But you would like the bullet.
Then we the bullet.
If I try not to, yeah, I have been w I think the point of the bullet really is that, like, last night I had, I think, two bullets, two bullet bourbons with orange juice, which is a, I think probably bourbon purists, because I kind of, I don't think I invented it.
I think I one night, there was nothing to drink and I was like, I'd been drinking sort of wine and gin and tonics, and I thought, well, there's this whiskey, but I really don't like whiskey.

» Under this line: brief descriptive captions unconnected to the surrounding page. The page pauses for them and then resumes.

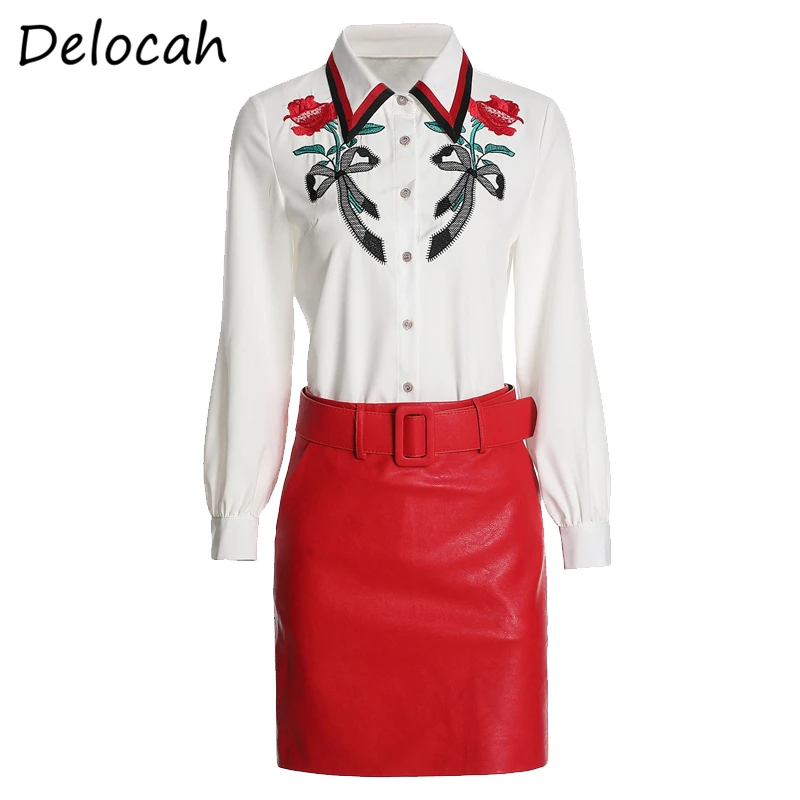 

Delocah Spring Summer Women Set Runway Fashion Designer Long Sleeve Gorgeous Embroidery Blouses+Slim Skirt Two Pieces Suits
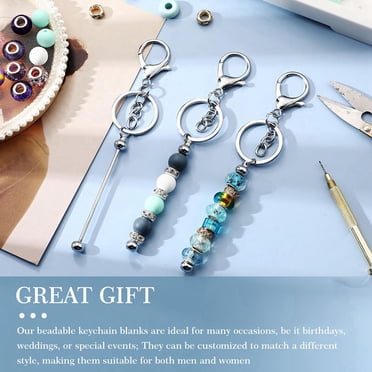 16 PCS DIY Alloy Beaded Keychain Blanks - Mixed Colors, 157mm Long, With Storage Box For Jewelry & Craft Making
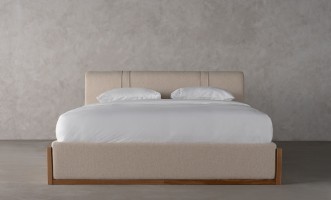 Lagom Wood Bed 160x200 cm with Storage (Fabric: Corso col.04)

So I think I sent out a tweet that said, what can you put with whiskey that makes it not taste like whiskey?
And
orange juice was the answer.
But it turns out, especially with a bourbon where you haven't got a very delicate, that sort of delicate woody flavor that you get with
whiskey,
it's a simpler flavor.
And with the orange juice, I think, doesn't really adulterate it.
To me, it tastes like a nice, it's just a nice drink.

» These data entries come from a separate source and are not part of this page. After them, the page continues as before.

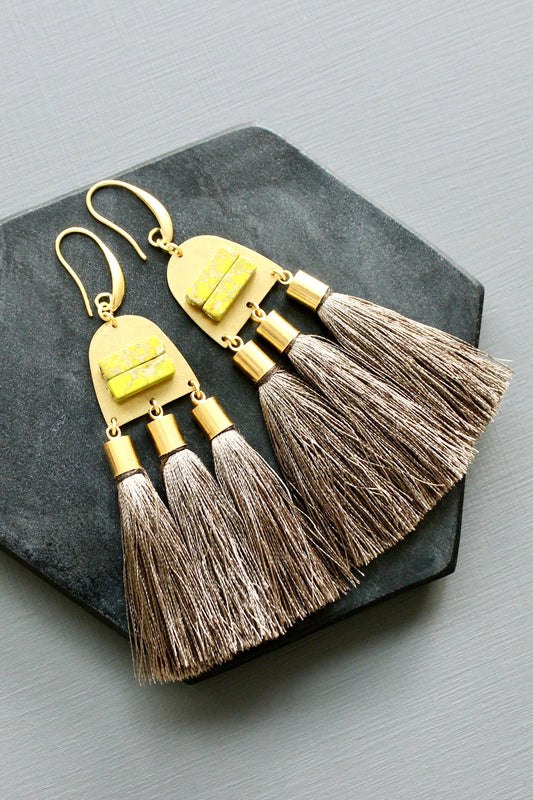 LEXE55 Green jasper and taupe tassel earrings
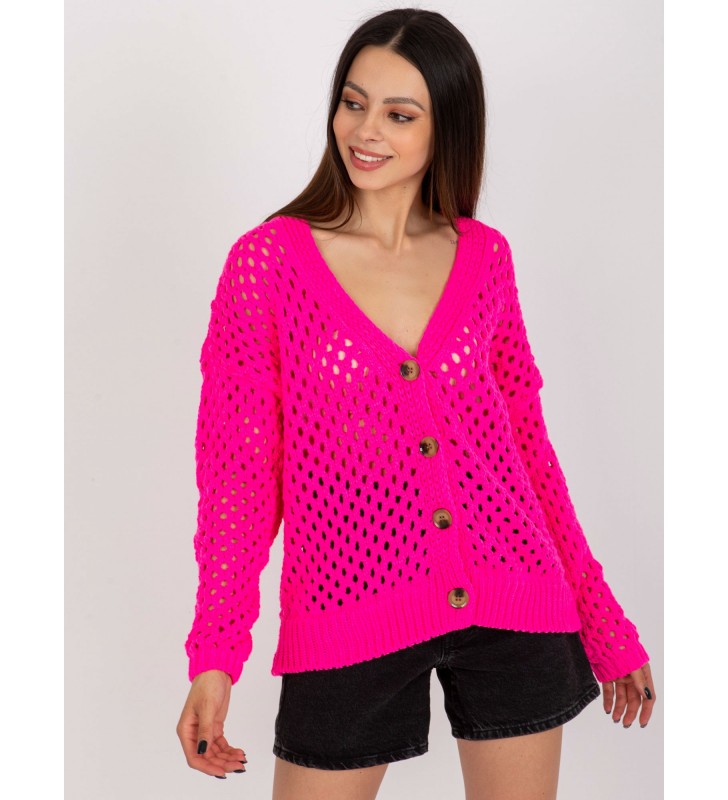 Sweter rozpinany BA-SW-9009.26P fluo różowy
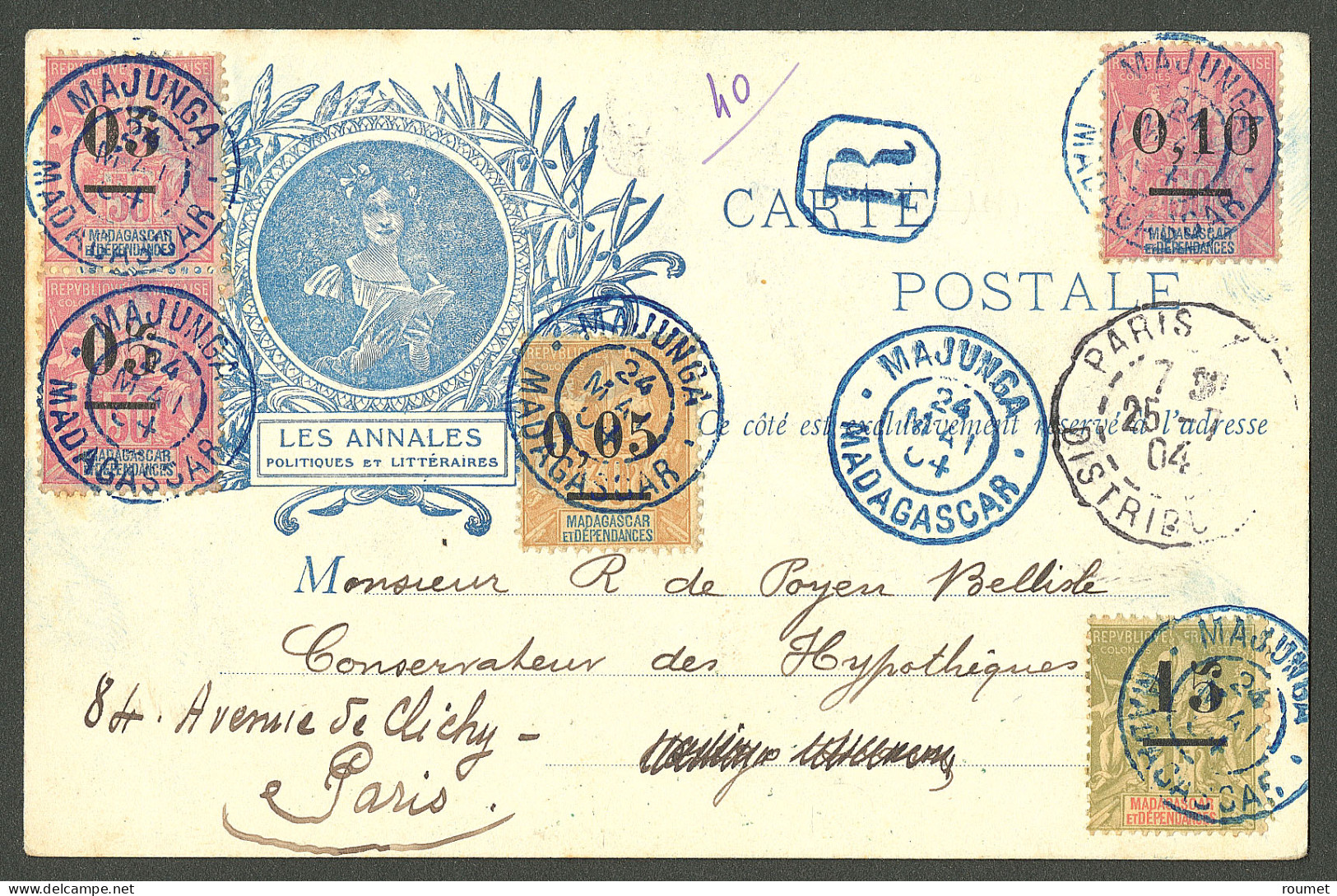 Lettre Cad Bleu "Majunga/Madagascar" Mai 1904 Sur N°48 Paire Verticale + 50 + 52 + 58, Sur CP Illustrée Recommandée Pour - Other & Unclassified
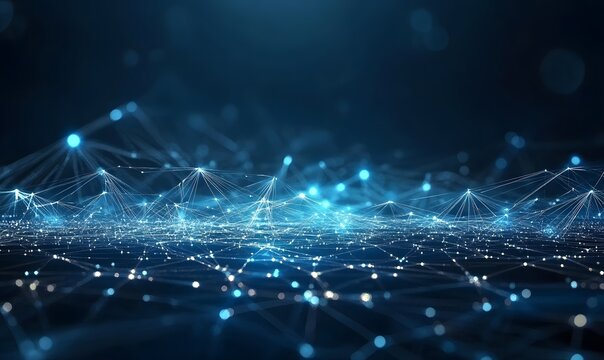 background for an information technology company or background with blue triangles,

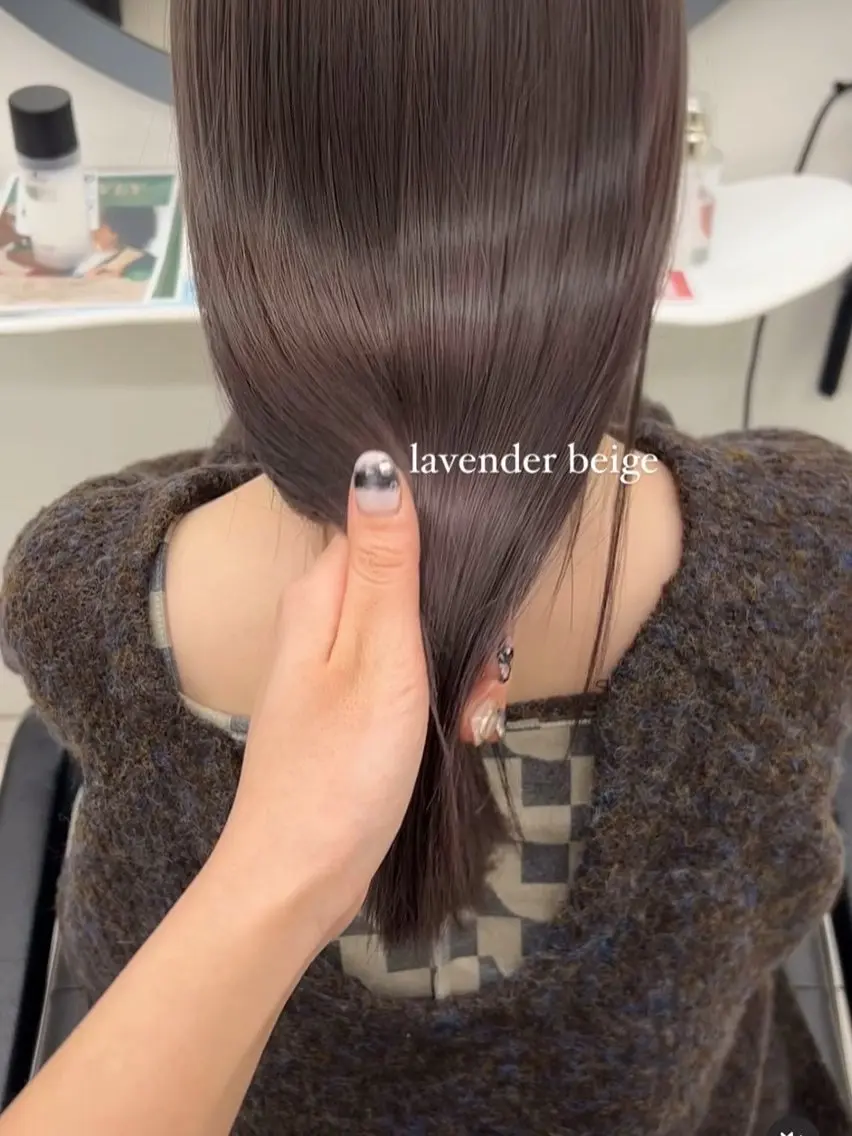 カラー ベージュカラー ラベンダーカラー ヘアカラー トリートメント ハイトーンベージュ カラー/さら🎀のヘアスタイル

Yeah, because bourbon's quite sweet anyway, right?
So if you're quite sad, it's just like a big old sweet cocktail.
It's nice.
Yeah.
I love bourbon.
Or squeeze some, you know, bourbon, as you rightly say, so sweet that you can just squeeze like a couple of
a lime or a lemon into a, with some ice, into a glass of bourbon, and
it's delicious.
Like the sweetness obviously counteracts the sourness of the lemon or lime.
It's a very nice drink.
Come for the crunchiness on there?
Yeah, of course.
Yeah, sprinkle those into the drink.
All time's sake, drink it quickly before they get soggy.
Yeah, why not?
I mean, what doesn't?
I used to think that there was nothing that didn't go well with um toasted almonds, right?
Do you know what I mean?
No, like yogurt and honey, and toasted almonds,
like a nice green leaf salad with like tomato, obviously, lettuce, and some avocado, and some toasted almonds.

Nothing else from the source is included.